#### Exercise aim
Leave out the pictures, then return the records word for word.

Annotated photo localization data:
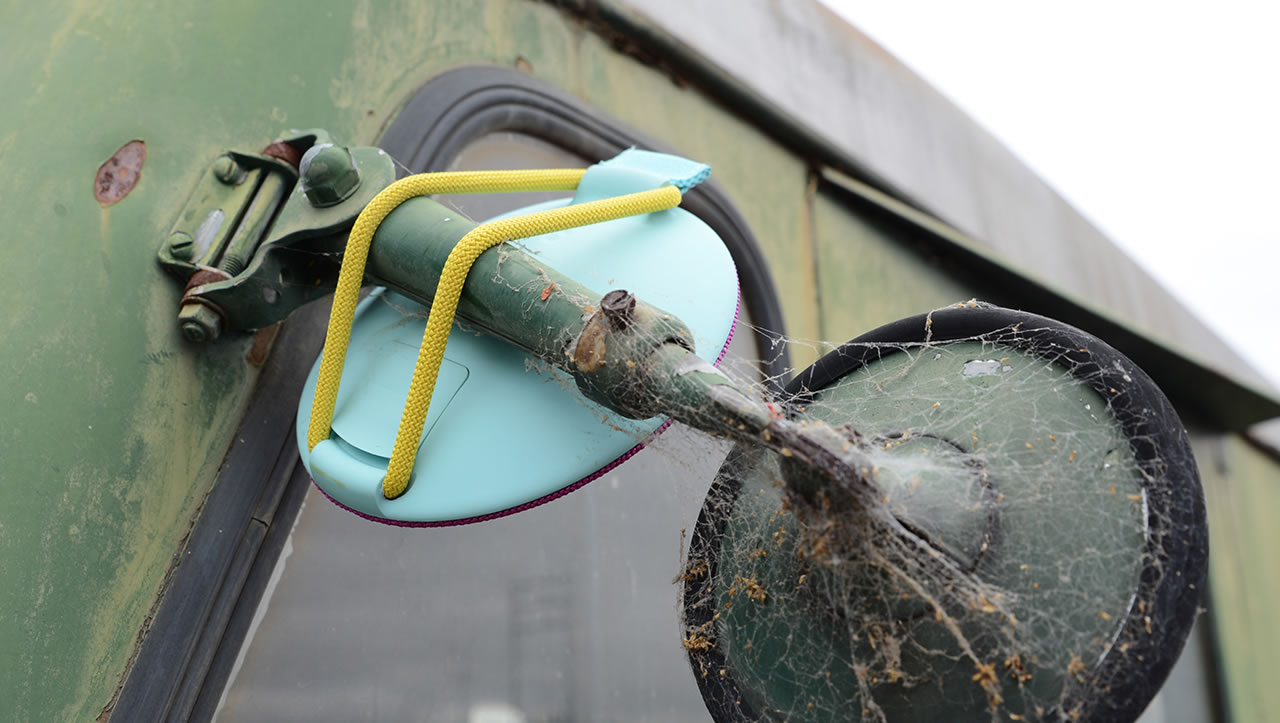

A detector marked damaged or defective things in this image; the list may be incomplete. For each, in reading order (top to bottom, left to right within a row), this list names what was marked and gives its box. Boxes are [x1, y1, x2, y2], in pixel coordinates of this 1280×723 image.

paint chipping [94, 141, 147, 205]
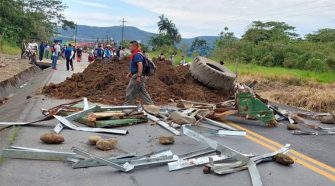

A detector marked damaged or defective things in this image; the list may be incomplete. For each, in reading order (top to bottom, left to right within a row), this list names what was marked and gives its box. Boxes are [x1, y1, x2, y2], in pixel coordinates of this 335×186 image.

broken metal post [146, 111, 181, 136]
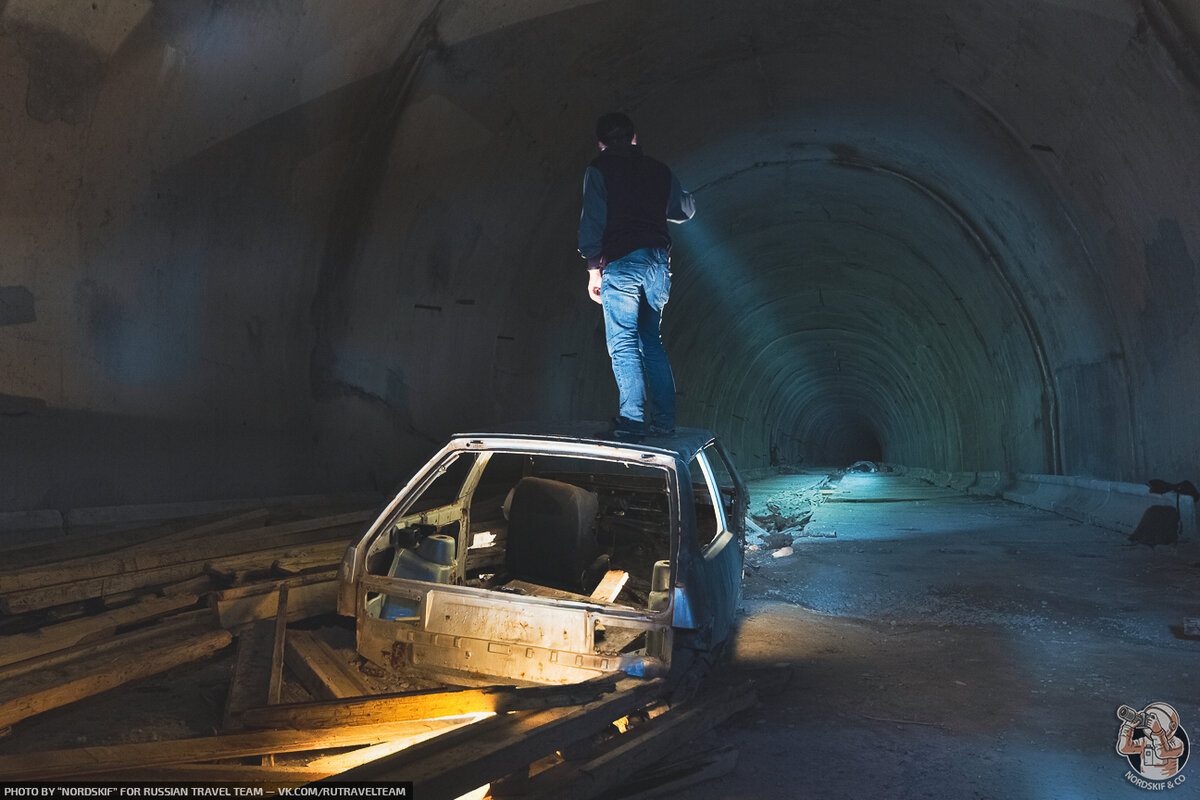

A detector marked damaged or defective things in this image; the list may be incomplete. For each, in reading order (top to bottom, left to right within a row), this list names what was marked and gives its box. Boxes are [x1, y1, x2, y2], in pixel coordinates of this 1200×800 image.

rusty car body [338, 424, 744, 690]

#### Answer area
A detector marked damaged or defective things in this image; the list may be incomplete. For each, in reading order (top to bottom, left to right within a row), this list names what was marked and gives its box. Boxes are [x1, y1, x2, y2], in pixel coordinates of this 1280×723 image.

paint chipping [94, 141, 147, 205]

A detector marked damaged or defective things in this image; the list may be incomplete. For each, in reading order (top to bottom, left to right within a row), this list names what was marked and gives its box. Boxes are [x1, y1, x2, y2], in pixel coordinates of this 335×186 image.

broken metal post [146, 111, 181, 136]

A detector marked damaged or defective things in this image; the list may be incomplete. For each, in reading order (top to bottom, left to right within a row), this list names what was marked and gives its box. Boxes are [x1, y1, x2, y2], in pixel coordinates of this 1200×800 image.

rusty car body [338, 424, 744, 690]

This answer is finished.